Weiterhin macht die Klägerin nicht geltend, daß ihr durch die konkrete Art der Ausschreibung ein unzumutbares Wagnis überbürdet worden sei. Daß und in welcher Höhe ihr gegenüber den kalkulierten Einheitspreisen des Leistungsverzeichnisses ein Mehraufwand entstanden sei, trägt sie im übrigen nicht vor.
Die prozessualen Nebenentscheidungen beruhen auf §§ 91 Abs. 1, 709 ZPO.
Streitwert: 41.211,57 €
Am 29.03.2005 erging folgendes Ergänzungsurteil :
Das Urteil vom 11.01.2005 wird im Kostenpunkt dahingehend ergänzt, daß die Klägerin die Kosten des Rechtsstreits einschließlich der Kosten der Streithelferin zu tragen hat.
Es wird vollinhaltlich auf das Urteil vom 11.01.2005 Bezug genommen.

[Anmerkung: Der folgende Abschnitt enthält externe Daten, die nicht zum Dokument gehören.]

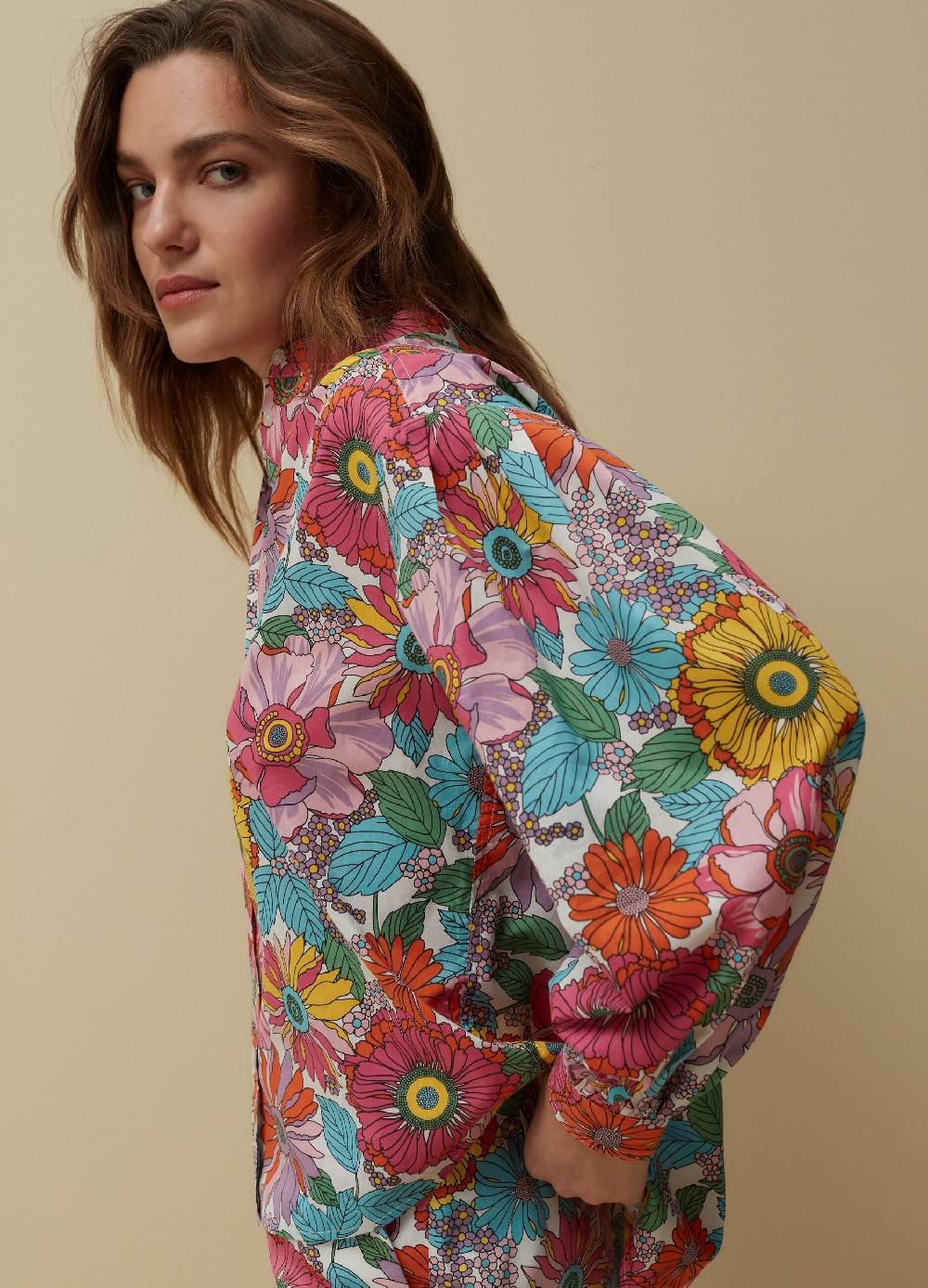 Ovs Camicia in cotone con stampa a fiori Offerta Anniversario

Mit Schriftsatz vom 26.10.2004 hat die Beklagte den Streit verkündet. Der Streithelferin wurde die Streitverkündung am 04.11.2004 zugestellt. Mit Schriftsatz vom 11.11.2004 ist sie dem Rechtsstreit auf Beklagtenseite beigetreten und hat in der mündlichen Verhandlung vorn 16.11.2004 Klageabweisung beantragt.
Das Urteil vom 11.01.2005 ist der Streithelferin am 02.02.2005 zugestellt worden. Mit Schriftsatz vom 03.02.2005, eingegangen bei Gericht am 04.02.2005, beantragt sie Ergänzung und Berichtigung des Urteils dahingehend,
die Streithelferin im Tatbestand des Urteils mit aufzunehmen und das Urteil dahingehend zu ergänzen, daß die Klägerin die Kosten der Streithelferin trägt.
Die Klägerin und die Beklagte haben hierzu keine Stellungnahmen abgegeben.
Entscheidungsgründe
Der Antrag der Streithelferin ist zulässig, insbesondere innerhalb der gemäß § 321 Abs. 2 ZPO vorgeschriebenen Frist eingelegt worden, und begründet.
Die Klägerin hat die Kosten der Streithelferin gemäß §§ 74 Abs. 1, 101 Abs. 1 zu tragen.
Eine Kostenentscheidung ist nicht veranlaßt; die Kosten des Verfahrens sind solche des Rechtsstreits (vgl. Thomas/Putzo, ZPO, 26. Aufl., § 321, Rdnr. 5, § 319, Rdnr. 11.